About a year and a half ago, after not getting to talk very much because the both of us were in a committed relationship to another for a few months during the same time... it's like something clicked and broke. We became 100% wrapped up in each other... but when I moved and we couldn't talk for a few months... it was torture. When I finally settled in my new place, I found out about international calling cards and it was all down hill from there. We spend about 3 to 4 hours a day on the phone together (since October) and we've finally given up the ghost of wanting and trying to see other people. It's just pointless.
And, finally, I've been saving up.... and I'm going to India for a month in December.

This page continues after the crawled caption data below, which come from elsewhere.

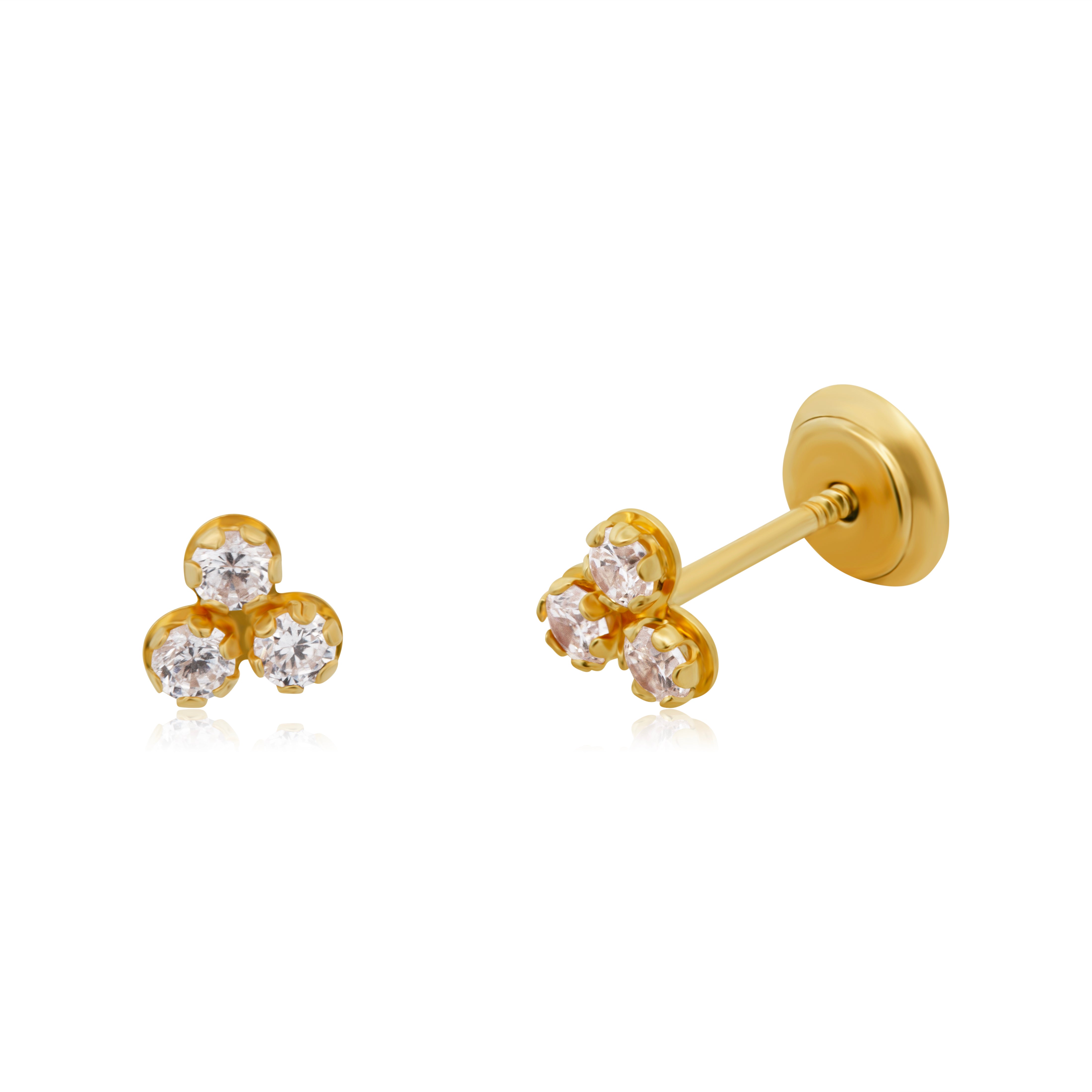 Broquel Español Oro 14k de  Trébol de Zirconias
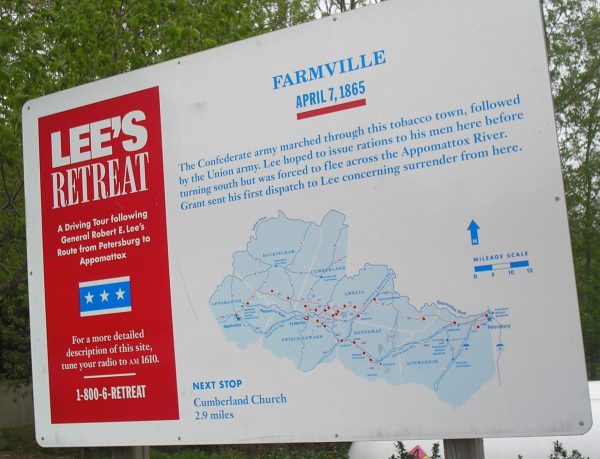 FARMVILLE LEE’S RETREAT WAR MEMORIAL PLAQUE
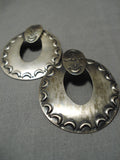 Amazing Vintage Navajo Convex Sterling Silver Native American Earrings-Nativo Arts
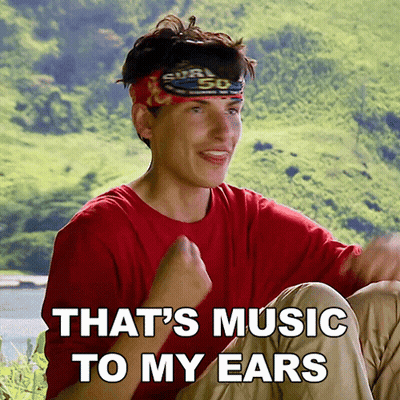 Man In Red Shirt Says That's Music To My Ears GIF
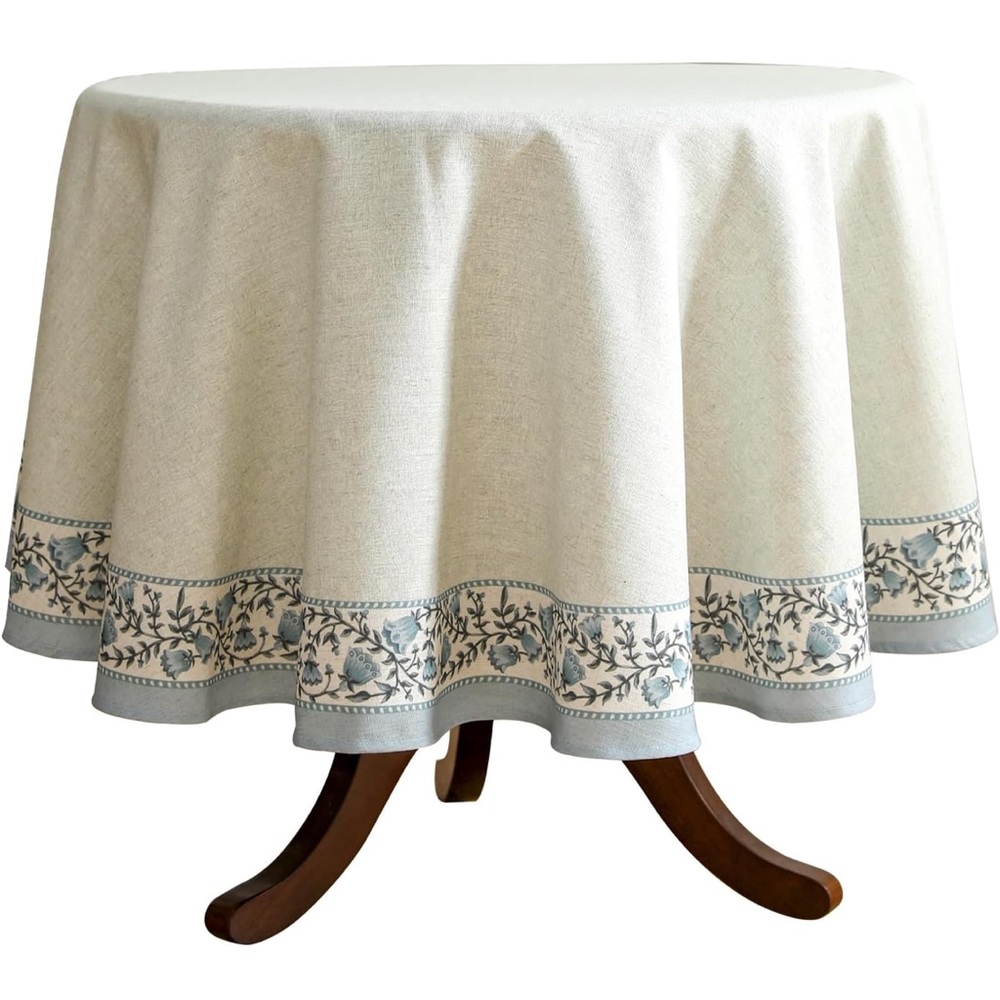 Elegant Cream and Blue Linen Blend Tablecloth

I'm beyond nervous.... scared even.... especially because of my body... though I can't honestly say he hasn't seen most of it via webcam

(ahem)..... I'm still just very freaked out. I care about him so much. But, as he's put it.... when we met and first started talking on webcam I was at my absolute heaviest (near 260) and he thought I was attractive even then. I've lost 30lbs since then, and I'm still losing. He always teases me and says that I get better every year.... so he considers me a "sound investment." hehe
Still.... the thought of December gives me alternating feelings of euphoria and I'm-about-to-pass-out anxiety feelings.
I've been in plenty of relationships... real ones, fake ones, friends with benefits ones, one night stands........ yet this one seems like 100% more real than any of them all rolled up together. I don't understand it.
All I know is that it feels like the other side of my heart is 7,500 miles away... and I'll be damned if I don't go try and figure it out.

Not to mention it'll be a pretty sweet vacation I've been looking forward to for a long time.... and I'll get to see a bunch of my college buddies again!!!